As moderator of SHAKSPER, I also do not post requests for "help with my research paper," spams, messages directed to individuals and not of interest to the conference as a whole, and similar requests such as for someone's e-mail address. Furthermore, I can intervene when an inadvertently mistaken forward or response comes to the list rather than to the person to whom it was intended, avoiding both the mistake and the apology for it. Finally, because I mail digests only once a day, I can kill messages that a member may write and afterwards have second thoughts about posting to the membership. In fact, as a rule, it would appear that moderated lists such as SHAKSPER seem to have less of a problem with "flaming" than un-moderated lists, where all posts are distributed to the members as soon as they are received by listserv. However, before I leave this topic, I would like to make another observation.

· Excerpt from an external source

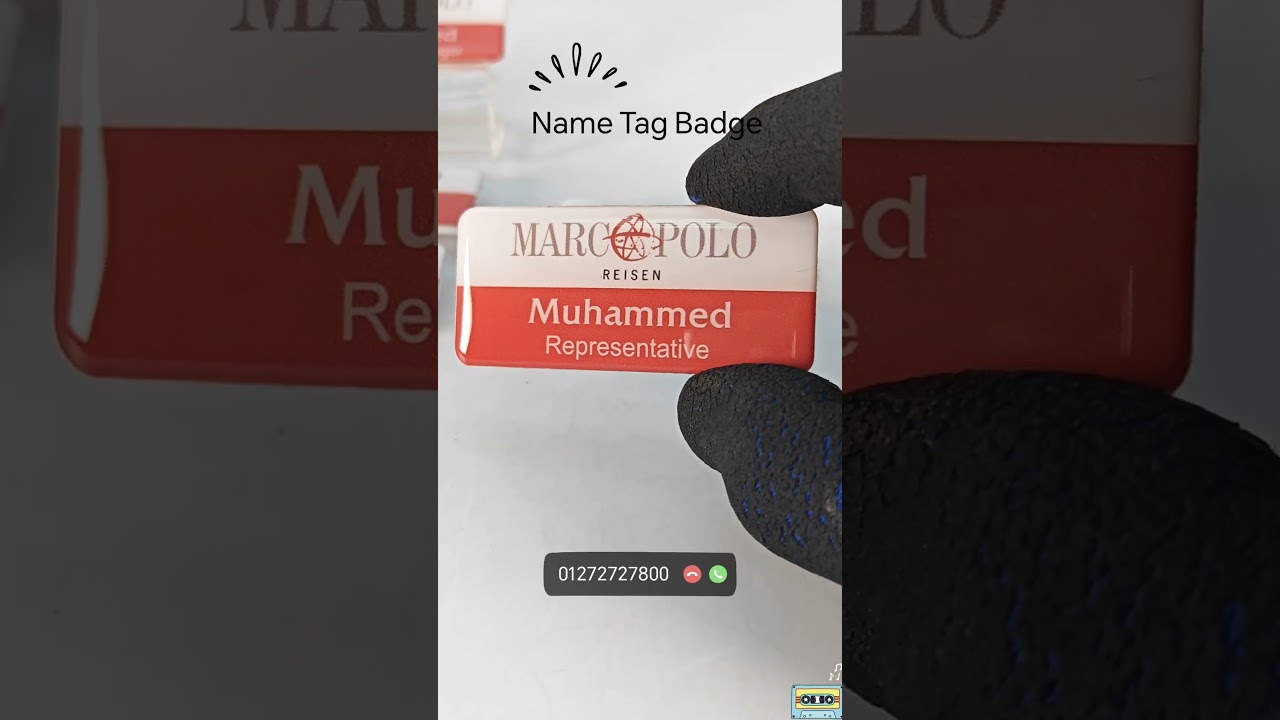 نيم تاج اكريليك لجميع الاستخداماتAcrylic nametag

I am told by friends that on moderated scientific listservs editors routinely do not post messages they determine inappropriate. So why the big fuss when I banned "authorship" discussions? I believe the answer lies in the appeal that Shakespeare's works have to the culture as a whole. The everybody's-an-expert syndrome is far more prevalent in discussions about Shakespeare than it is in say ones about particle physics.

In my posting above, I asked for members' responses to four questions. I received 47 responses from members: 32 from the USA, 6 from Canada, 3 from the UK, and 1 each from Australia, Germany, Italy, Japan, the Netherlands, and Taiwan. Most of the respondents were academics from English and Theatre departments (teachers and critics, a textual scholar and a bibliographer, directors, and theatre historians). Others who responded were deans and other academic support personnel, high school teachers, graduate and undergraduate students, and several non-academics, including a theatre critic. The responses I received were varied and instructive, ranging from general observations to detailed answers to my four questions.

Of the general observations, I enjoyed Steve Urkowitz's comparison of SHAKSPER to "a fascinating playground. Lots of different games happen. Great surprises. Painful predictabilities. Like real playgrounds. I love the openness of the gates. And I greatly appreciate the choice that some games are just not to be played in this particular park." Two persons who identified themselves as non-academics offer interesting commentary on the level of discourse. Michael J. Ryan, a Canadian undergraduate, commenting on the continuing debate on politics, writes, "I also appreciate the absolute contrariness of certain viewpoints, strongly and convincingly presented." On the other hand, Mike Field, whose works at a university but regards himself neither an academic nor a theater professional, remarks, "I find that while the academicians on the list almost always have a fuller and more complete knowledge of the texts, they are often rather too ready to fall into threads of discussion that are obscure, overly theoretical and often dogmatic." A community college teacher, Tom Hodges, on the other hand, considers SHAKSPER "the most helpful, stimulating, entertaining, and challenging experience since my grad school days in the '60's." From the academic prospective, long-time SHAKSPERean, David Richman observes, "I find the continuing conversation by turns engrossing, stimulating, revelatory, distressing, heart sickening, annoying, enraging, boring. My reaction to *Shakespeare Quarterly* and other professional tracts is much the same, but with a higher proportion of annoyance and boredom." In addition, SHAKSPER provides David Richman, who a blind, further benefits: "The conversation gives me immediate access to information that others, but not I, might get from a steady perusal of magazines and newspapers. I am always grateful and always make use of the notes and descriptions of books, articles, and especially productions and films."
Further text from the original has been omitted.